[Image-caption web data]
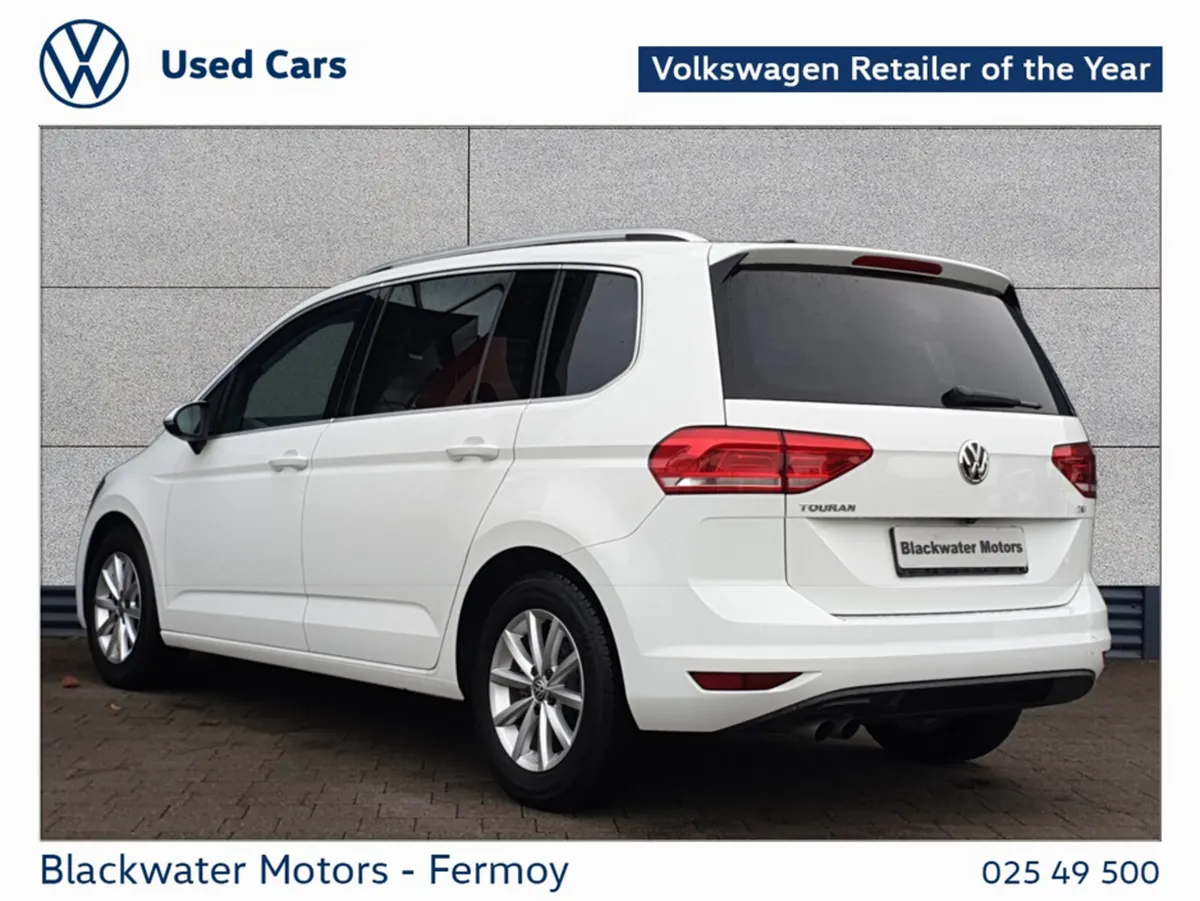 Volkswagen Touran Hatchback, Petrol, 2017, White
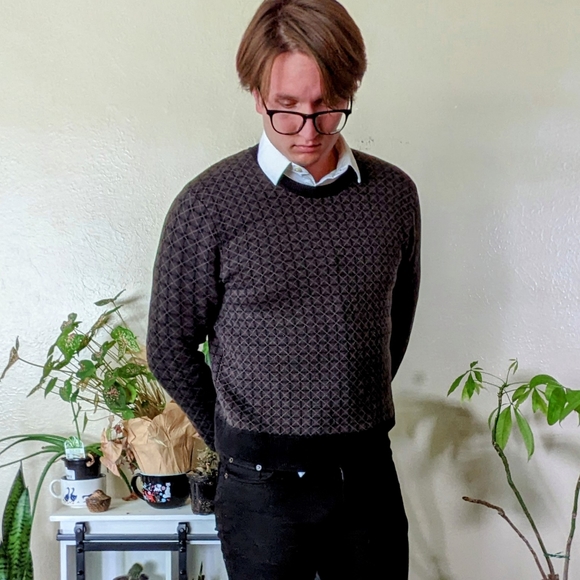 Meet your Posher, Silas - Picture 2 of 2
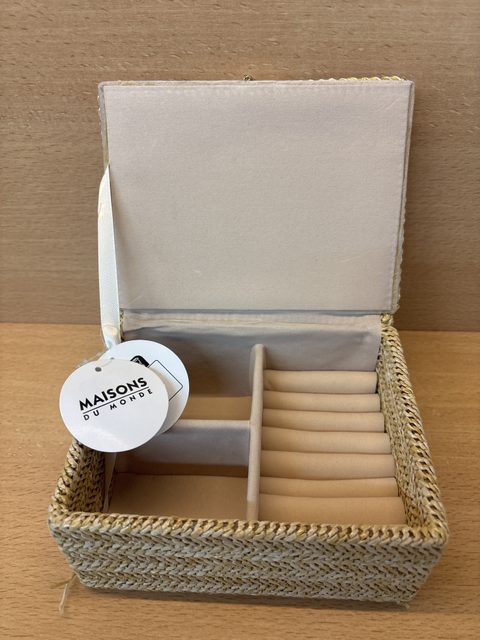 Pochette Maisons du Monde tressée beige avec fermoir perlé
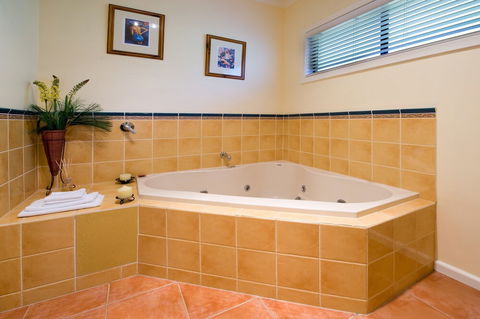 Apple Tree Cottage - Schoolies Week Accommodation 2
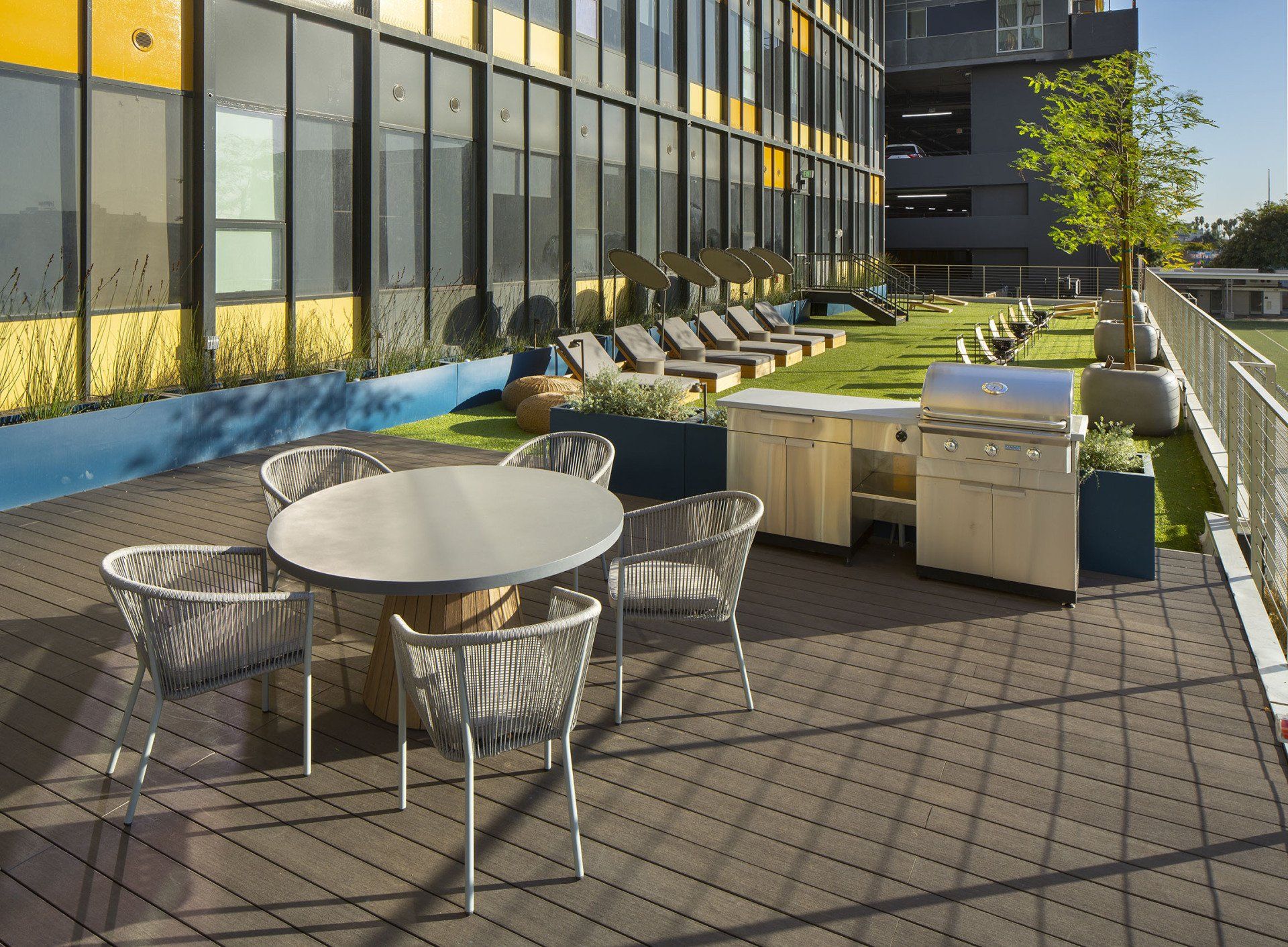 courtyard lounge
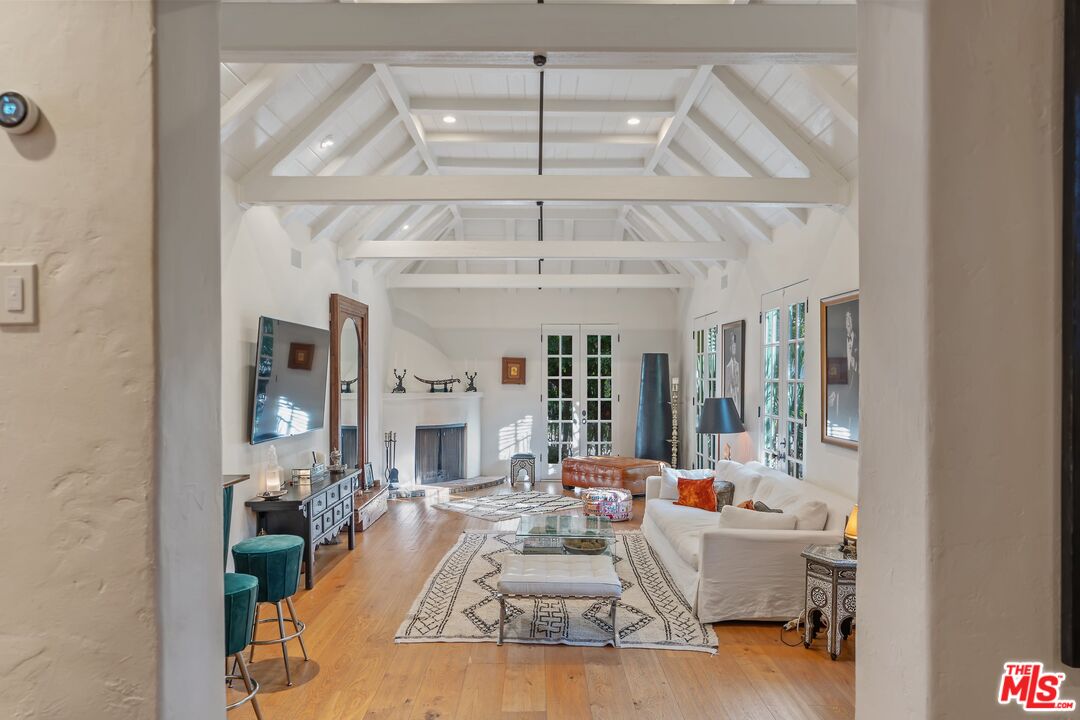 MLS #25614441 image #5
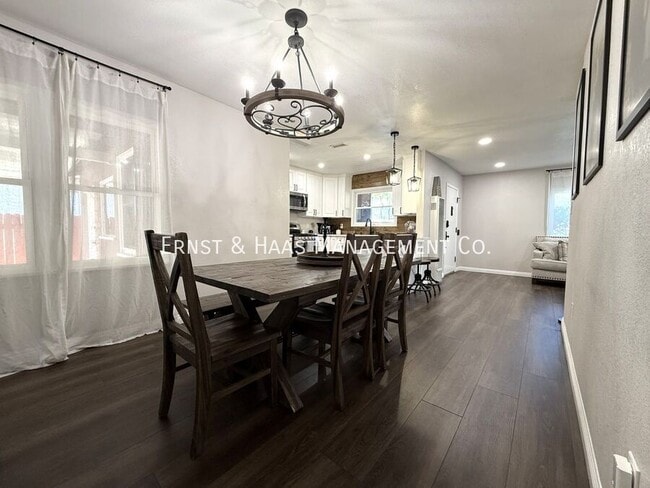 Building Photo - 1120 East E Street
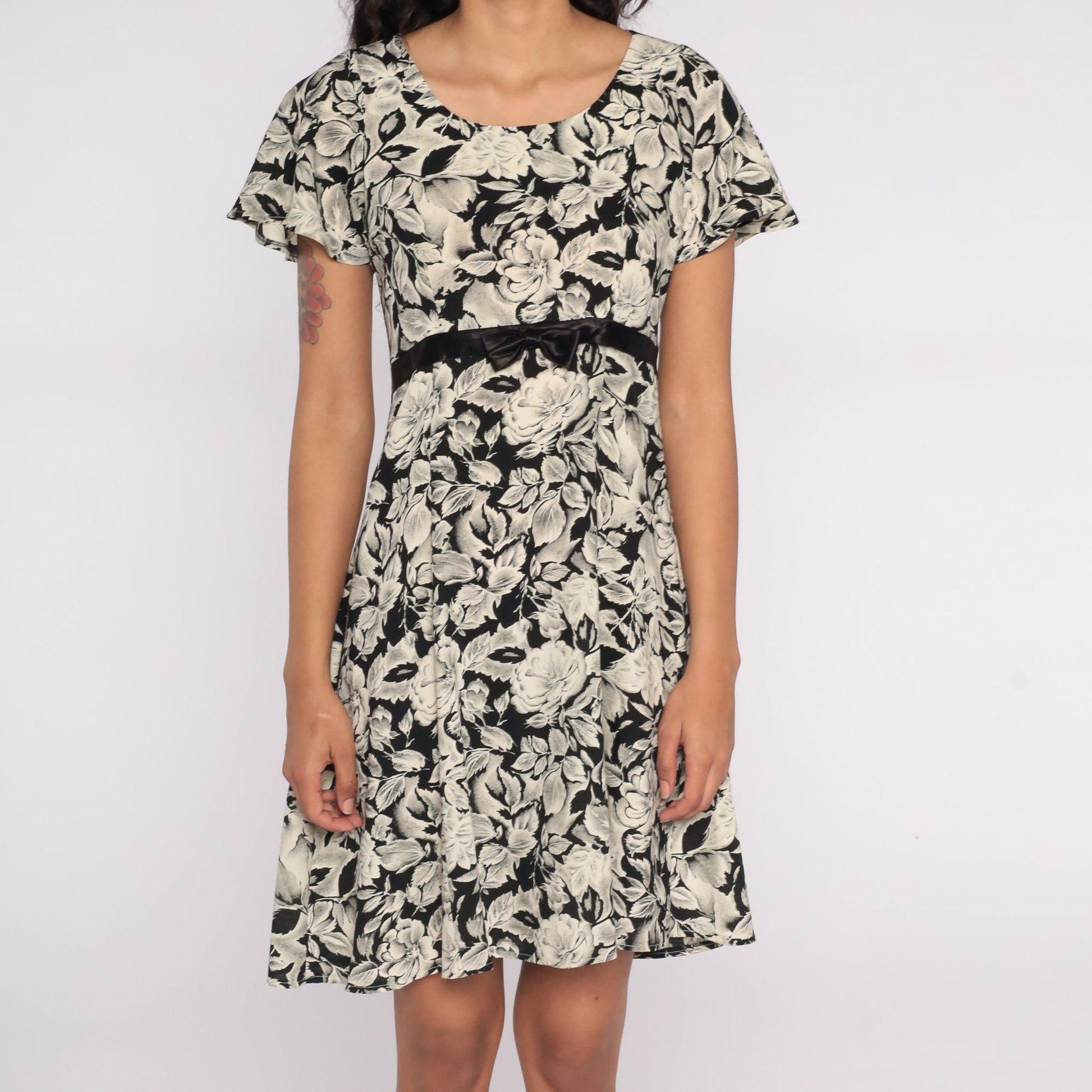 90s Floral Mini Dress Flutter Sleeve Black Off-White Empire Waist Small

REQUIRED ACTION:
Pictures are to be left out when the lines from the one containing "courtyard lounge" through the end of the records above are repeated exactly; no other line is wanted.

REPLY:
 courtyard lounge
 MLS #25614441 image #5
 Building Photo - 1120 East E Street
 90s Floral Mini Dress Flutter Sleeve Black Off-White Empire Waist Small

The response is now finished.